V - propor novas ações, práticas e rotinas a serem implantadas na unidade, com o objetivo de otimizar a execução de suas atividades;

VI - desenvolver ações corretivas buscando a excelência dos resultados, a redução de custos e a melhoria contínua dos recursos;

VII - acompanhar a execução dos contratos da respectiva unidade;

VIII - identificar a necessidade de manutenção e aquisição de móveis e de materiais da unidade;

IX - monitorar continuamente o desempenho e os resultados de sua unidade para cumprimento do Planejamento Estratégico;

X - executar as atribuições que lhe forem determinadas por superior hierárquico;

XI - receber, transmitir, cumprir e fazer cumprir as ordens do Desembargador Presidente do Tribunal, que envolvam matéria de sua competência específica;

XII - fazer cumprir o código de ética do Tribunal;

XIII - elaborar e supervisionar a execução do Plano de Ação da unidade;

XIV - elaborar relatórios de atividades da unidade;

XV - realizar o controle da frequência dos servidores da unidade;

XVI - aprovar e controlar a escala de férias dos servidores da unidade;

XVII - emitir relatórios e prestar informações de competência da unidade;

XVIII - executar outros atos e atividades afins.

 

Art. 117. São de responsabilidade geral de todos os servidores:

I - cumprir o horário estabelecido pelo Regional;

II - executar com presteza outras atribuições designadas pela chefia imediata relacionadas à unidade de sua lotação;

III - fiscalizar contratos e participar de comissões e grupos de trabalho, quando designados;

IV - observar direitos, deveres e proibições previstos na legislação;

 

Art. 118. As competências e atribuições definidas neste regulamento podem ser acrescidas através de resoluções, atos ou determinações dos superiores hierárquicos, nos termos da legislação.
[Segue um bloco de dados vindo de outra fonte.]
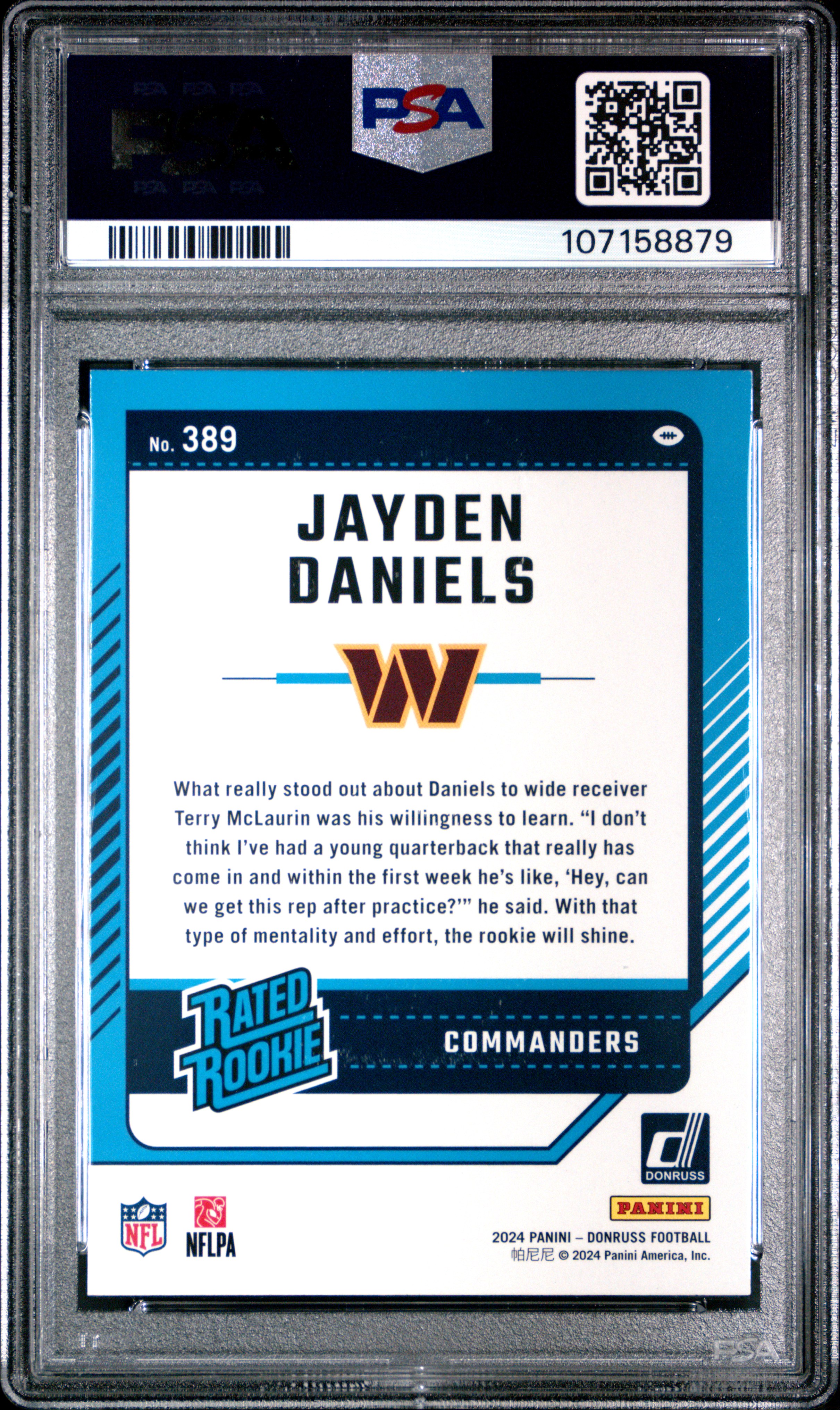 2024 Panini Donruss Jayden Daniels #389 Mint 9 back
§1º As alterações redacionais de simples denominação e remissão a norma legal poderão ser introduzidas neste regulamento por ato da Presidência do Tribunal.

§2º A Diretoria-Geral apresentará à Presidência, sempre que necessário, proposta de atualização deste regulamento, a ser submetida ao Tribunal Pleno.

 

Art. 119. Os casos omissos serão definidos pela Presidência.

 

Art. 120. Este regulamento é parte integrante do Regimento Interno do Tribunal Regional do Trabalho da 19ª Região e revoga o regulamento anterior e as disposições normativas que disponham de forma contrária.

 

Art. 121. Este Regulamento Geral de Secretaria entra em vigor na data de sua publicação.

 

Maceió, 27 de Novembro de 2017.

 

PEDRO INÁCIO DA SILVA

Desembargador Presidente do Tribunal Regional do Trabalho

da Décima Nona Região

 

 

 

 

PUBLICAÇÕES E ALTERAÇÕES:

 

Resolução nº 130, de 27 de Novembro de 2017. Data da  disponibilização no DEJT: 28/11/2017, ed. 2362/2017. Publicação no DEJT, Cad. Administrativo, em 29/11/2017, f. 1.